[[ Provided material, beginning ]]

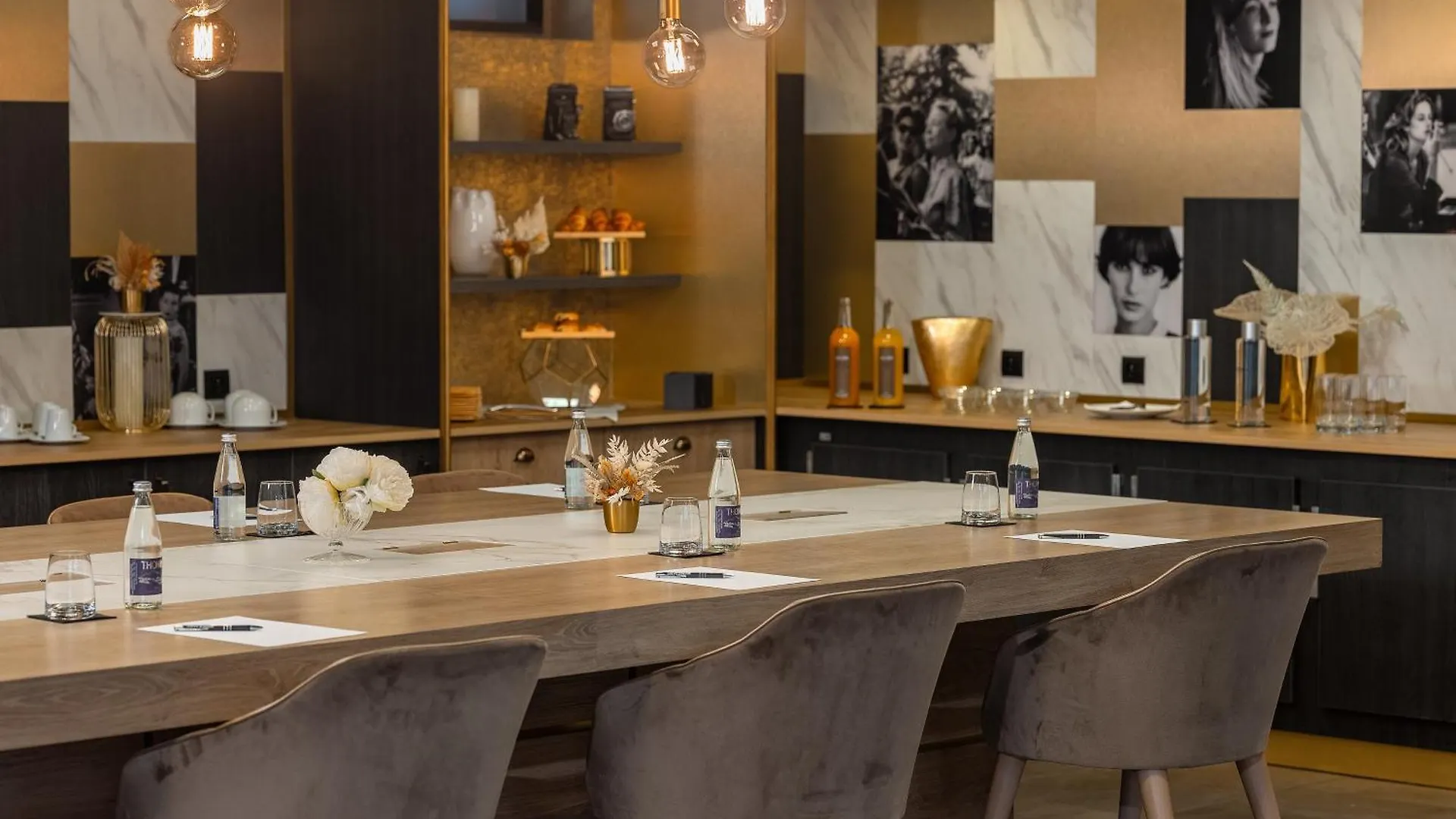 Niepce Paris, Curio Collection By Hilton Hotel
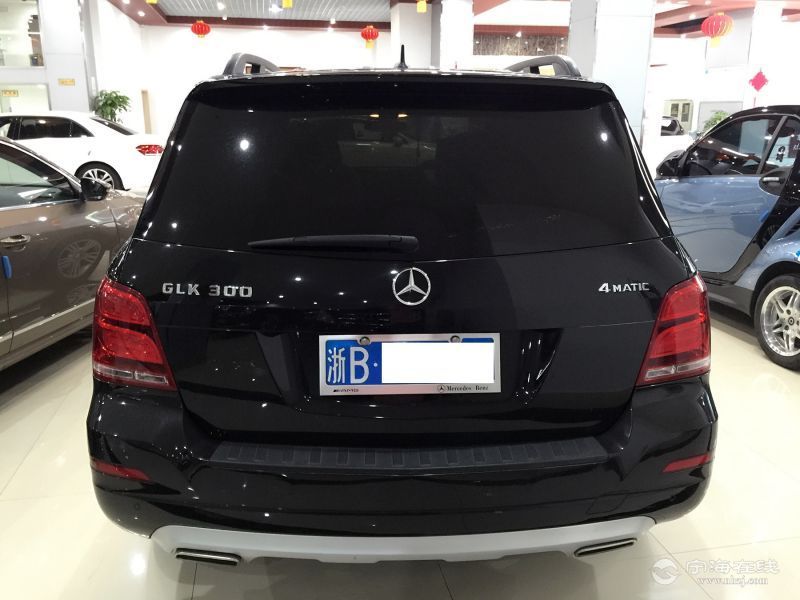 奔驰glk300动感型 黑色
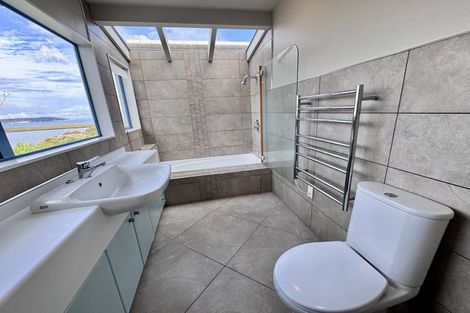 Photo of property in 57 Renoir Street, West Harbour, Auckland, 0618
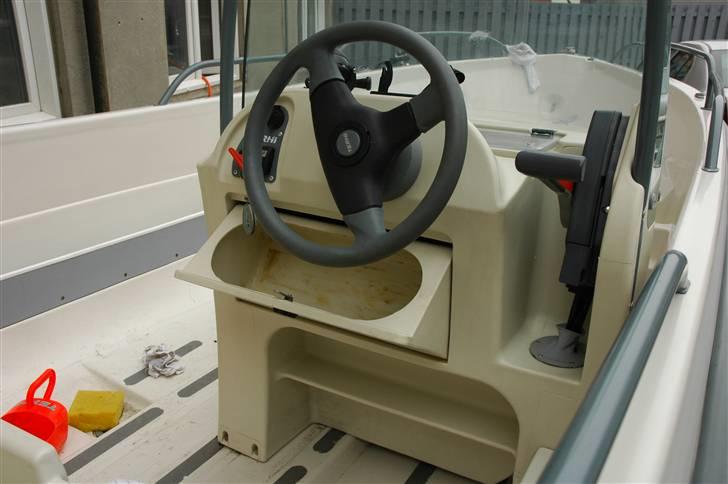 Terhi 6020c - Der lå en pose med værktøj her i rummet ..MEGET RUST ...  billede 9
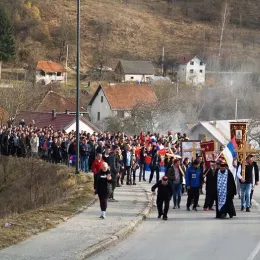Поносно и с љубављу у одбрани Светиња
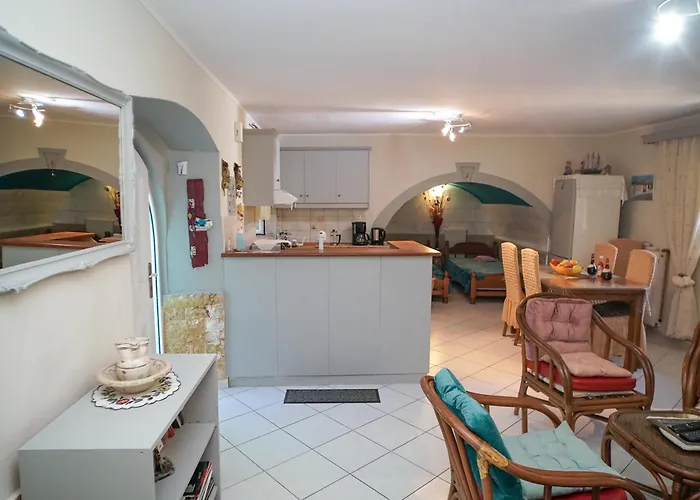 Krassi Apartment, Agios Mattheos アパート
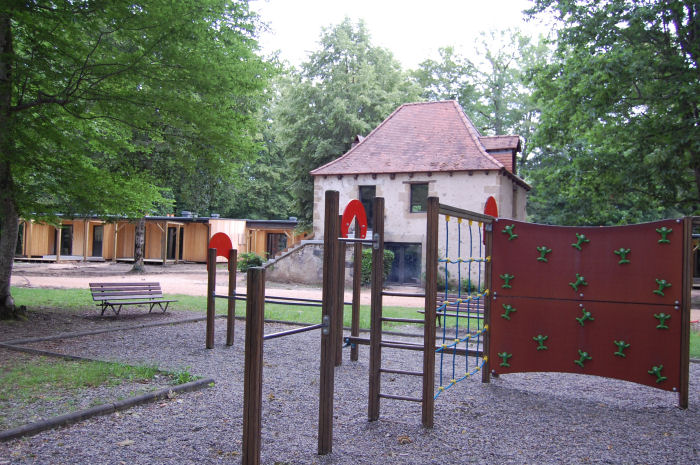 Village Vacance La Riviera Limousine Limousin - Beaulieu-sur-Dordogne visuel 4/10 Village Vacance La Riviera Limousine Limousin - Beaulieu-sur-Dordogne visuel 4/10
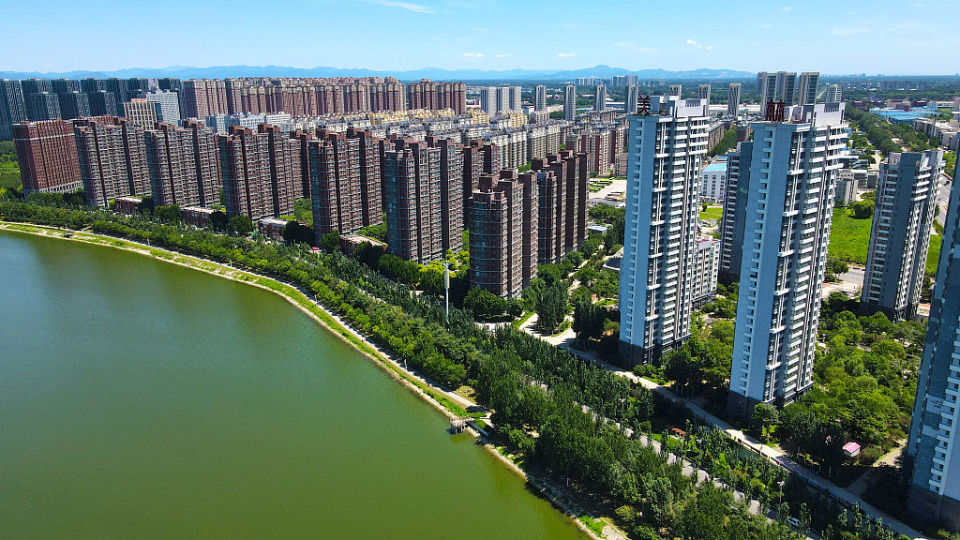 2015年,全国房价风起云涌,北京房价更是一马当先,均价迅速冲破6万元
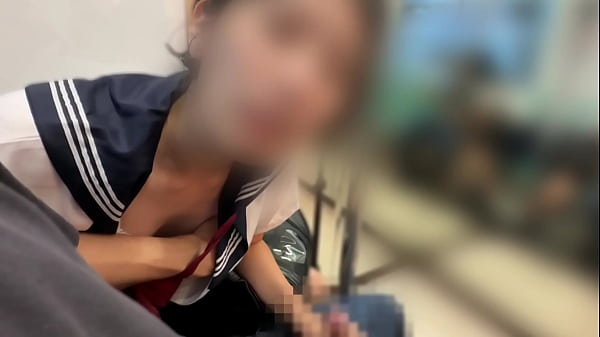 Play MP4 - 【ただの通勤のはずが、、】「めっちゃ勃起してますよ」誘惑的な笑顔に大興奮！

[[ Provided material, end ]]

Write out the data exactly, and exclude every picture it holds.

 Niepce Paris, Curio Collection By Hilton Hotel
 奔驰glk300动感型 黑色
 Photo of property in 57 Renoir Street, West Harbour, Auckland, 0618
 Terhi 6020c - Der lå en pose med værktøj her i rummet ..MEGET RUST ...  billede 9
Поносно и с љубављу у одбрани Светиња
 Krassi Apartment, Agios Mattheos アパート
 Village Vacance La Riviera Limousine Limousin - Beaulieu-sur-Dordogne visuel 4/10 Village Vacance La Riviera Limousine Limousin - Beaulieu-sur-Dordogne visuel 4/10
 2015年,全国房价风起云涌,北京房价更是一马当先,均价迅速冲破6万元
 Play MP4 - 【ただの通勤のはずが、、】「めっちゃ勃起してますよ」誘惑的な笑顔に大興奮！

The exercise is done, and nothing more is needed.